RACHMANINOV Symphony No 2 (Ashkenazy)
Vladimir Ashkenazy has always conducted Rachmaninov’s most extended symphony with conviction, making it feel not one bar too long. Indeed, with the possible exceptions of André Previn and Mariss Jansons, it is difficult to think of a contemporary exponent more completely at home in it. This authoritative, concert-sourced rendering from November 2015 brings their respective tally to three recordings apiece. The differences? Both Previn and Ashkenazy restore the cut that Jansons continues to inflict on the finale while rejecting the modern embrace of the first-movement exposition repeat and the older impulse to terminate that movement with a bogus percussive thwack. Neither favours extremes of tempo although Ashkenazy is closer to Jansons in combining red-bloodedness with agility.

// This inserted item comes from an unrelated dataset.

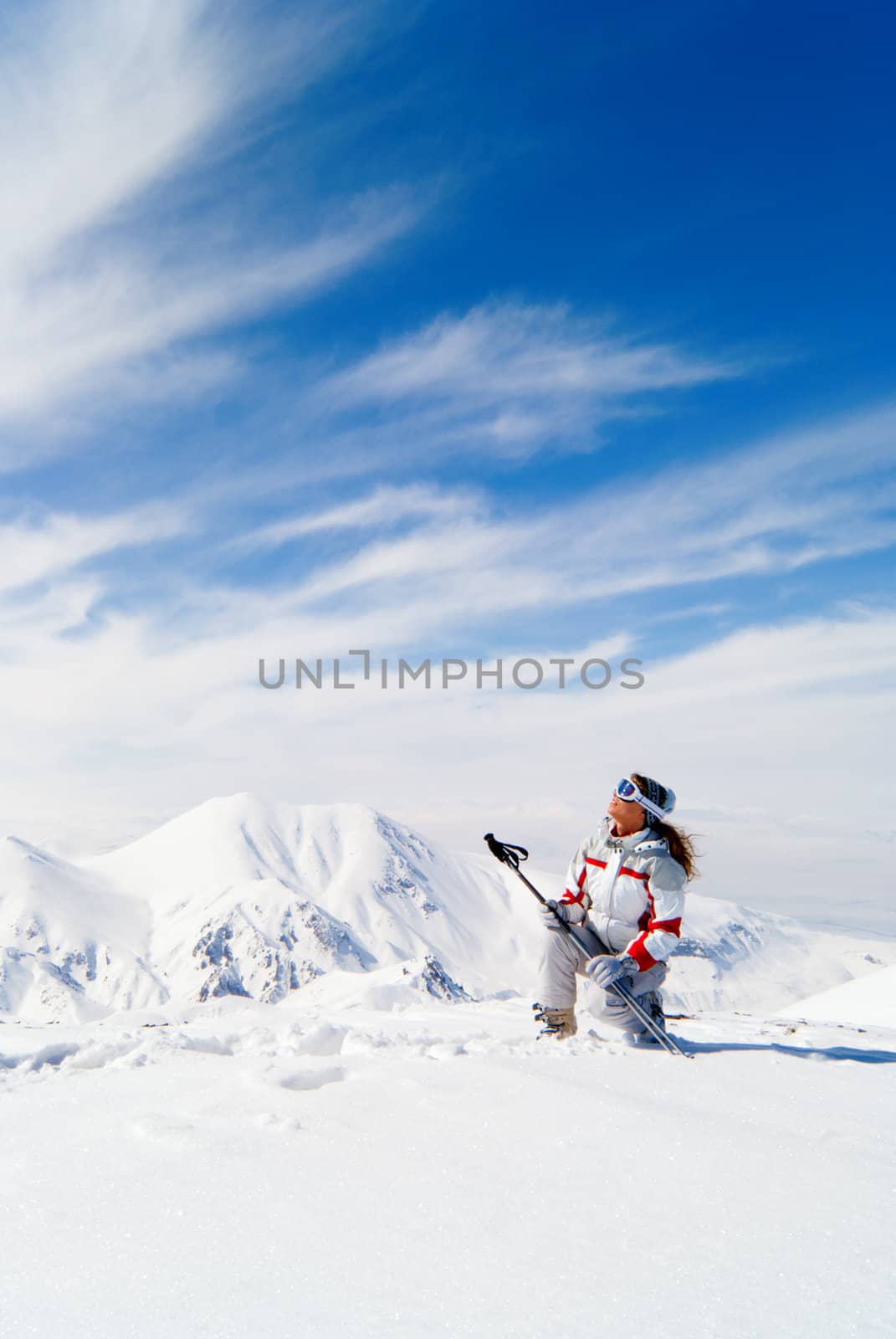 Beautiful skier on the top of mountain  by Denovyi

It is the peripherals which have changed most since Ashkenazy made his famous Concertgebouw recording for Decca. Signum’s version was captured in London’s Royal Festival Hall, which means that the sound is somewhat dusty and opaque, belying the advances in digital technology since 1981. Remarkably the producer, then as now, is Andrew Cornall; and given that Ashkenazy and the Philharmonia took the Second Symphony to several acoustically superior UK halls, I sense a missed opportunity.
On to the booklet, where the designer’s choice of sky-blue backgrounds of varying intensity makes the text difficult to read as well as lending the physical product a curiously unsophisticated look. There’s no doubting the bond between conductor, orchestra and audience – the applause at the end is vociferous – but whether non-attendees will want to supplement Ashkenazy’s studio classic with this newcomer is a moot point.